Plac Misia Wojtka otwarto na szczecińskim osiedlu Krzekowo-Bezrzecze. To efekt pozytywnych odbiorów technicznych nowej atrakcji Szczecina, którą z pewnością polubią najmłodsi.
Miś Wojtek był niedźwiadkiem brunatnym odkupionym od perskiego chłopca w kwietniu 1942 roku przez polskich żołnierzy maszerujących z Iranu do Palestyny. Zapłatą była konserwa wołowa, tabliczka czekolady, garść pieniędzy oraz szwajcarski nóż oficerski. Zwierzę wzięło potem udział m.in. w bitwie o Monte Cassino. Wojtek przenosił skrzynie z amunicją. W stosunku do naszych żołnierzy był przyjaźnie usposobionym niedźwiedziem.

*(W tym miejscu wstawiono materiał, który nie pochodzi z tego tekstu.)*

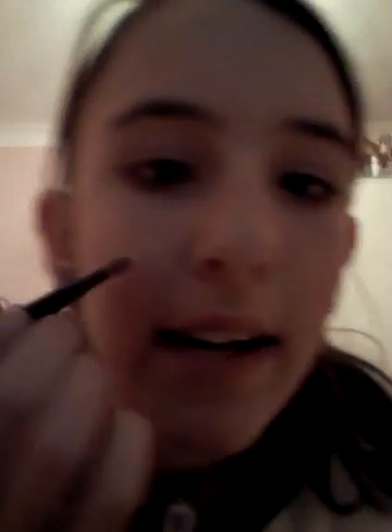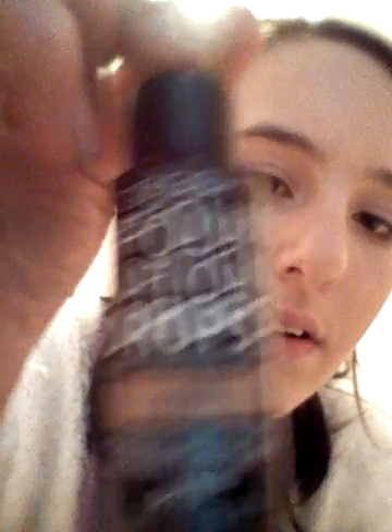I sometimes wear bronzer and I sometimes don't, but I'm not wearing bronzer today. Most people are going to say you need to do it on your cheekbones, and that is where my cheekbones are. I sometimes use this foundation but I'm not going to use it today. Then I look for a mascara — I don't look terrible in the morning.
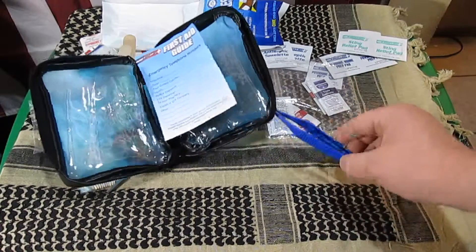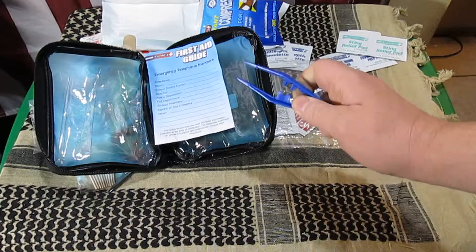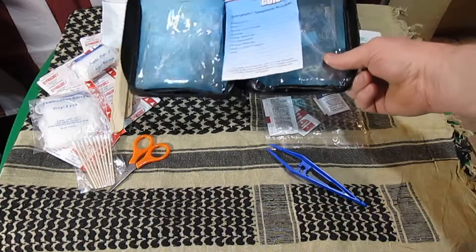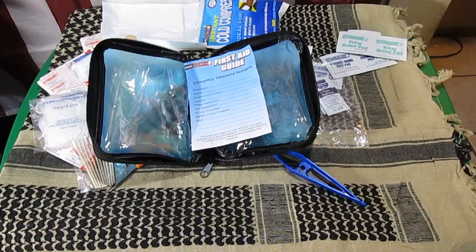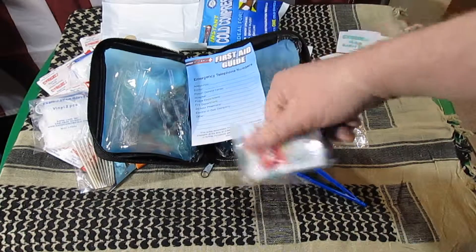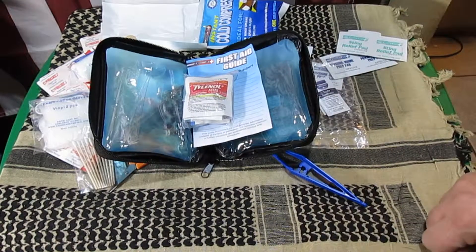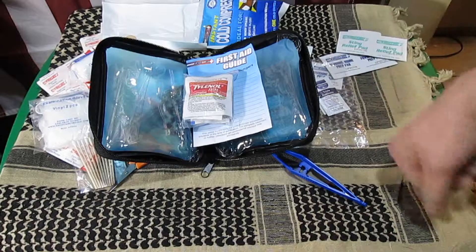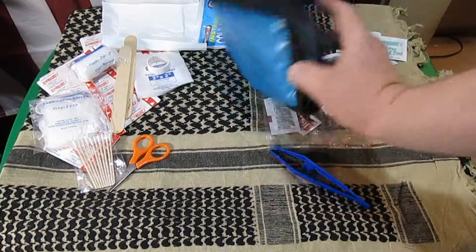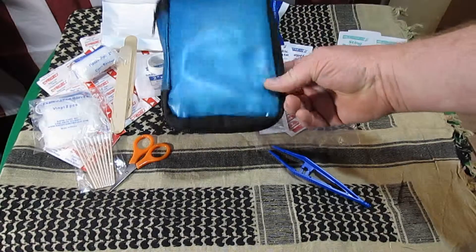Another thing I don't like about it: plastic tweezers. I'd rather just go get my own and get a pair of metal tweezers. And there's no medications in here. So I went ahead and threw together my own little pack, just various stuff that you'd find in most of your first aid kits. If you can find it for $10, I'd say grab it — it was a killer deal when I got it. At $20, there's probably better kits out there.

Dziś w centralnym punkcie skweru jego imienia powstał duży oświetlony plac z rzeźbą misia żołnierza. Są też inne atrakcje - drabinki, zjeżdżalnie, huśtawka, karuzela. Można usiąść na kolorowych ławkach. W jednej ze stref jest piramida linowa, w kolejnej trampoliny. Dla dorosłych przygotowano również siłownię pod chmurką.
Inwestycja kosztowała około 1,2 mln złotych.